In its new economic outlook, the administration predicted the economy will grow by 3.5 percent next year and will create an additional 2.1 million jobs.
A year ago, the administration was forecasting 3.6 million jobs would be created in 2005 after 2.6 million this year.
Democrats called the forecast for 2004 overly optimistic, an assertion that proved to be accurate. Through November, just 1.3 million jobs were created, half of the administration’s forecast.
The economy has struggled to create new jobs during the recovery from the 2001 recession. Businesses have been successful in boosting production with fewer workers.
A problem facing the administration with its 2004 forecast was that it was prepared in late November 2003 as part of the administration’s budget preparations but not released until early February when the budget was sent to Congress.

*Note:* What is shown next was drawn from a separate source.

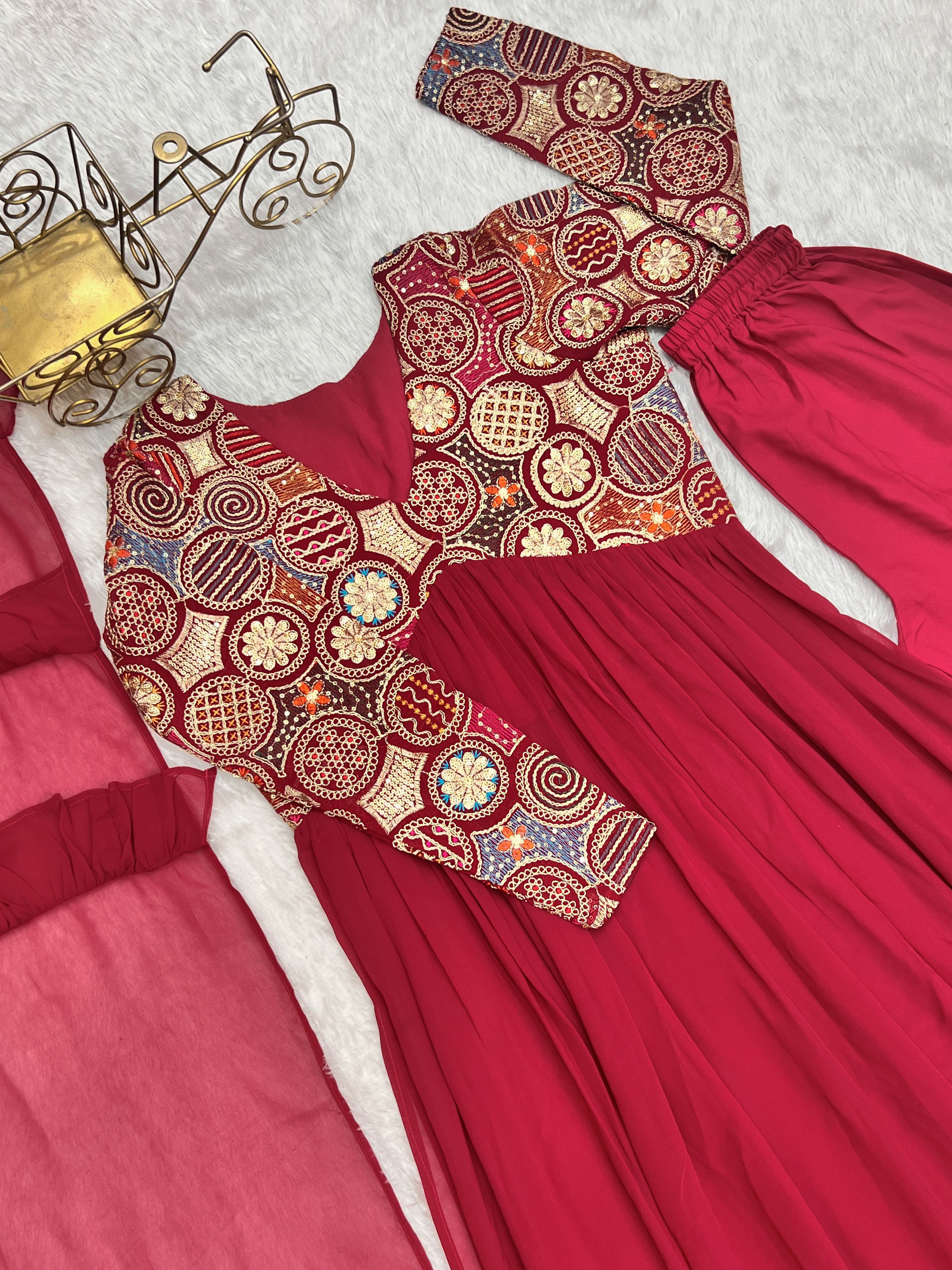 Lorenvalley Fashion Red Heavy Soft Georgette With Embroidered Work Fully Flared Anarkali Pant With Dupatta Set - Red - Distacart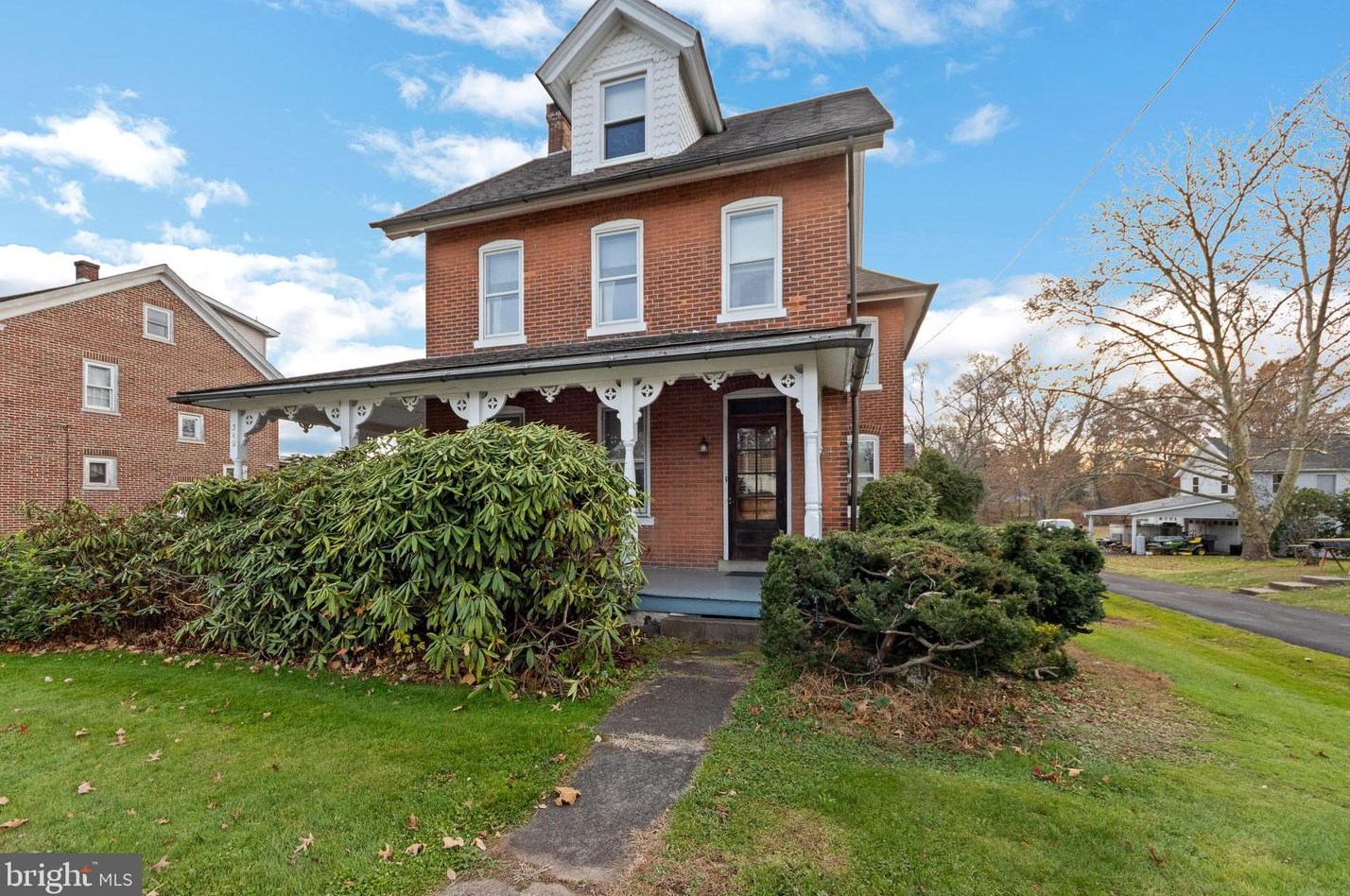 342 Walnut St, Perkasie, PA 18944-1826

In between, the jobs pictured darkened significantly with a string of weak monthly figures, thus making the administration’s forecast look even more optimistic.
Gregory Mankiw, the chairman of the president’s Council of Economic Advisers, told reporters the administration had decided to release the 2005 forecast in early December, when it was completed, rather than waiting for two months for it to be possibly overtaken by events.
“We thought this would minimize the confusion we saw last year by waiting until February,” Mankiw said.
Mankiw and other administration officials said the early release had nothing to do with speculation that Mankiw is planning on leaving his CEA post.
“I serve at the pleasure of the president,” Mankiw said, refusing to discuss his future plans.
Other officials said Friday that if Mankiw does decide to leave, a leading candidate under consideration to replace him is Ben Bernanke, currently serving as one of seven members of the Federal Reserve board.
Bernanke has also been mentioned as a top prospect to replace Fed Chairman Alan Greenspan, whose term ends in January 2006.